Option III B: Amend Sec. 399.84 to require both that the total
price of air transportation be disclosed before the consumer makes the
purchase and that price advertisements set forth all elements of the
fare so that consumers can add them together to determine the total
price; pursue enforcement action under section 41712 when separate
listing of cost elements is unfair or deceptive.
Option IV: Rescind Sec. 399.84; pursue enforcement action under
section 41712 when separate listing of cost elements is unfair or
deceptive.
Comments
Tally of Comments by Group of Commenters
The Department received well over 700 responsive comments on the
NPRM, nearly all from individuals who are not travel professionals. The
exceptions include 22 air carriers and tour operators, three travel
agent associations, the National Association of Attorneys General, an
individual who is a travel professional, and the Council of Better
Business Bureaus.
Of the approximately 700 individuals who commented on the NPRM,
nearly 500 favor Option II. Over 120 favor Option I, with only three
specifying a preference for Option I A, and nearly 100 others deem
either Option I or Option II to be acceptable, although most prefer the
latter. Options III A and III B drew support from two and three
individuals, respectively. No individual supports Option IV.

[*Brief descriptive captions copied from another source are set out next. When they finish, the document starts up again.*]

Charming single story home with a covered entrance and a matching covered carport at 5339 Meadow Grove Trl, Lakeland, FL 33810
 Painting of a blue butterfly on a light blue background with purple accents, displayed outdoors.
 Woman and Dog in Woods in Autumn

Of the 22 air carriers and tour operators that filed comments, 11
support Option I, with four (Air Pacific, Ltd., Apple Vacations, USA
3000, and Qantas Airways Ltd.) favoring Option I A, five (Alaska
Airlines, Inc., Southwest Airlines Co., Singapore Airlines Ltd., Air
New Zealand Ltd., and Midwest Airlines, Inc.) favoring Option I B, and
two (Jet Blue Airways Corporation and Olympic Airways S.A.) expressing
no preference. None of these commenters supports Option II. Option III
drew support from four, split evenly between Option III A (Northwest
Airlines, Inc., and Continental Airlines, Inc.) and Option III B
(Cathay Pacific Airways Ltd. and Air Tahiti Nui). Option IV, too, drew
support from four (Delta Air Lines, Inc., American Airlines, Inc.,
United Air Lines, Inc., and Deutsche Lufthansa AG). The other three
(British Airways PLC, Aer Lingus Limited, and US Airways Group, Inc.,
which represents US Airways, Inc., America West Airlines, Inc., PSA
Airlines, Inc., and Piedmont Airlines, Inc.) suggest hybrid approaches.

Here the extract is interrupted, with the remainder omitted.